Uno de los objetivos es tener un espacio de, aproximadamente, tres hectáreas para la recuperación de especies autóctonas, generar huertos y fomentar la ecología, ya que la recogida de leña, la ganadería o la agricultura son oficios que se han ido perdiendo con la despoblación rural, pese a ser los “motores de los pueblos, sin los que no se avanza”, señala. “Intentamos que Cerezo vuelva a ser un pueblo”, fomentando sus valores medioambientales, y conseguir “pueblos sostenibles” porque la ausencia del agua, el cambio climático, y el tiempo extremo “afecta cada vez más a la gente y al entorno”.

Árboles “simbólicos”, como el olmo, se han perdido llegando a estar en peligro de extinción por la enfermedad fúngica de la grafiosis, con un escarabajo como vector, cuya larva se incuba entre la corteza y la madera del árbol, cortando el paso de la savia y matando cada ejemplar.

Frente a este problema, Cerezo de Abajo ya ha plantado quince “olmos resistentes” a esta enfermedad para “regenerar el arbolado y recuperar su historia”, y 150 árboles de otras especies como fresnos o cervales pensando en la producción maderera o de frutos.

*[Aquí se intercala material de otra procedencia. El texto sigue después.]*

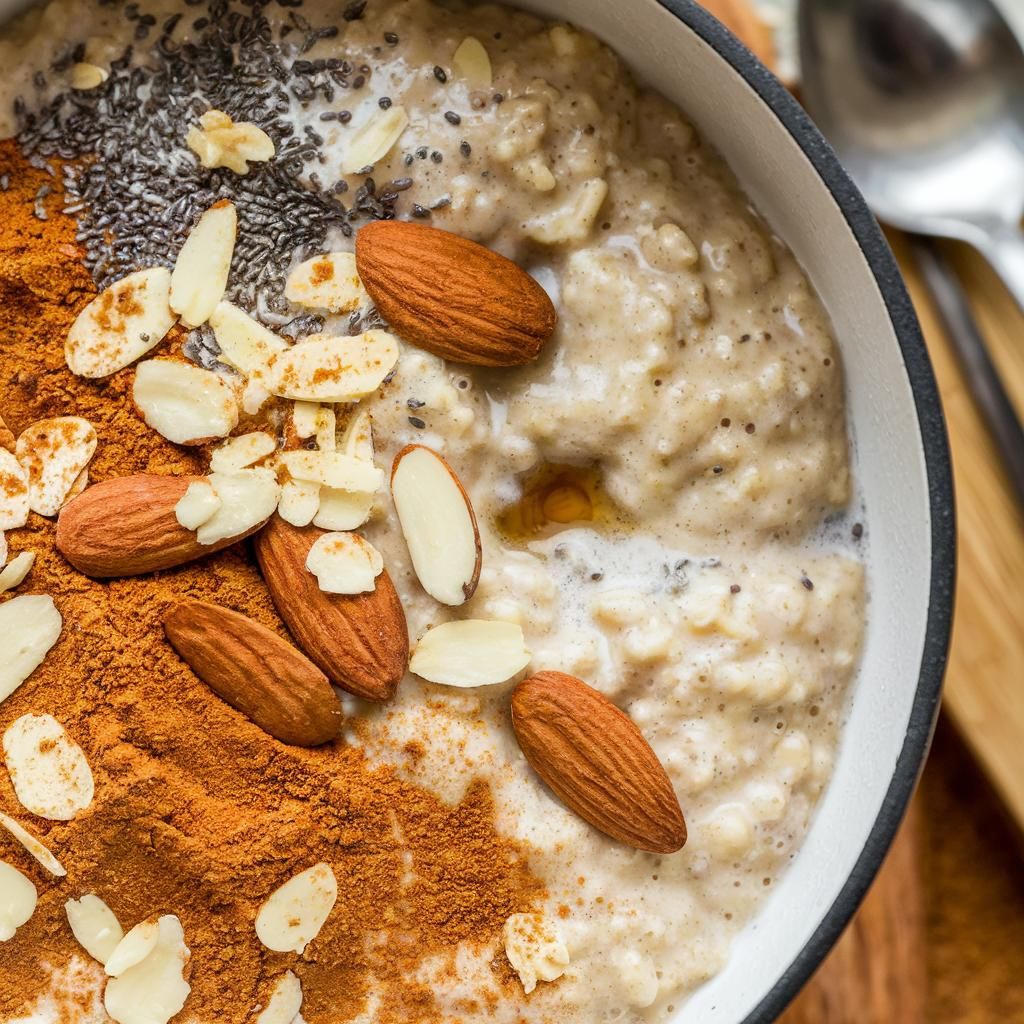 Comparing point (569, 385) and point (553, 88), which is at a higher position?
point (553, 88)

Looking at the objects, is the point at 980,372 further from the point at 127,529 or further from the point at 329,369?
the point at 127,529

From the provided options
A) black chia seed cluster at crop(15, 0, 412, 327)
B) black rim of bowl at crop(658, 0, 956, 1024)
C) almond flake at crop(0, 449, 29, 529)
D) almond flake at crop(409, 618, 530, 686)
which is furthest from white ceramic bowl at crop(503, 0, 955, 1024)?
almond flake at crop(0, 449, 29, 529)

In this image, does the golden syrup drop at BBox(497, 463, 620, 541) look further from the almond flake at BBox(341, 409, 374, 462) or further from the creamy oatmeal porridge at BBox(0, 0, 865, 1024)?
the almond flake at BBox(341, 409, 374, 462)

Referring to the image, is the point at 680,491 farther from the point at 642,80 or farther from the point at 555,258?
the point at 642,80

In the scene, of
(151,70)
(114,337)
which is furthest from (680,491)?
(151,70)

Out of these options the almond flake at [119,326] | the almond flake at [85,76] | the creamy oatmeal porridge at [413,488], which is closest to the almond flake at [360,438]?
the creamy oatmeal porridge at [413,488]

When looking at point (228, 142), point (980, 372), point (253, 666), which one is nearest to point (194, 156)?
point (228, 142)

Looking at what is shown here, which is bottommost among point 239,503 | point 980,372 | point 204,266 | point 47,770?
point 47,770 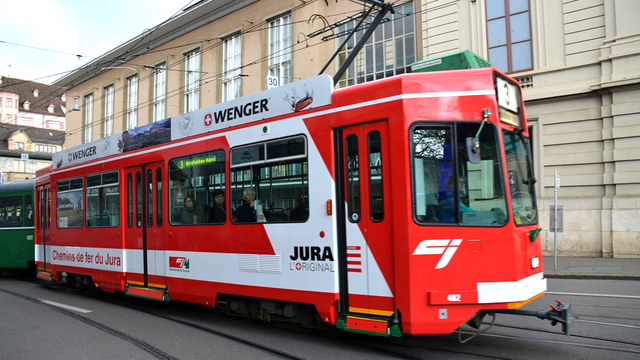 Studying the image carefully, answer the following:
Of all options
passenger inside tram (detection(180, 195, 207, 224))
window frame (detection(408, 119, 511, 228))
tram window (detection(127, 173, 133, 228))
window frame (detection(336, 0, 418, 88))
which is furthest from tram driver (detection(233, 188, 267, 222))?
window frame (detection(336, 0, 418, 88))

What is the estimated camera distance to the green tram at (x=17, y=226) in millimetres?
14305

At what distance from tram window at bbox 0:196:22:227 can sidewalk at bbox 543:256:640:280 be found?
14.5 meters

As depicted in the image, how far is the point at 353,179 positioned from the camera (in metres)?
5.65

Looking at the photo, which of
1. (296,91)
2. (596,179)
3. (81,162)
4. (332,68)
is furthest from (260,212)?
(332,68)

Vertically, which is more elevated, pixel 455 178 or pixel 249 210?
pixel 455 178

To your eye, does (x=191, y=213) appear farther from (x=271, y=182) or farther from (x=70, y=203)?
(x=70, y=203)

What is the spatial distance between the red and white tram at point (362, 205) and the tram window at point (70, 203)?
11.6 feet

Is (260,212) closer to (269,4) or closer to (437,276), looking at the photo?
(437,276)

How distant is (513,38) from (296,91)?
13.0m

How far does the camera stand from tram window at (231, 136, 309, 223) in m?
6.15

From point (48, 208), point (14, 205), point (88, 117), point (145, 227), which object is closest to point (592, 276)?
point (145, 227)

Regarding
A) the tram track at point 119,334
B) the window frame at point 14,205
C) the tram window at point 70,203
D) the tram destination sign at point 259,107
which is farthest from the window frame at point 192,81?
the tram destination sign at point 259,107

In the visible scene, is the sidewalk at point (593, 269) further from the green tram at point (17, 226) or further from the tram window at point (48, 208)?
the green tram at point (17, 226)

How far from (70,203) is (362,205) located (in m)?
8.01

Puigpinos pretende que Cerezo sea un “referente” para pueblos de la zona y considera que “es necesario comenzar por compartir experiencias”, y a partir de ahí, alcanzar voluntad económica por parte de administraciones y gobiernos, “o empezamos a trabajar conjuntamente o no vamos a hacer nada”, señala.

La idea del proyecto entrelazó los caminos de los concejales del Ayuntamiento y las asociaciones vecinales del municipio, como ‘Emprende mi pueblo’, que aunaron esfuerzos para comenzar la reforestación con personas con distintas especializaciones de la localidad, como Miriam y Mariu. La primera, publicitaria de profesión, comenzó un proyecto que requería madera de olmo, lo que inició su preocupación por la ausencia de ejemplares en el municipio y en España, debido a la grafiosis, motivo por el que contactó con su amiga Mariu, ingeniera de montes por la Universidad Politécnica de Madrid (UPM).

Para traspasar este “marco teórico”, se fomentan actividades como construcción de casas nido, sendas nocturnas o astronomía, para llevarlo a la práctica porque “tenemos que aprovechar que estamos en un pueblo y puedes ver cosas que no hay en todas partes”.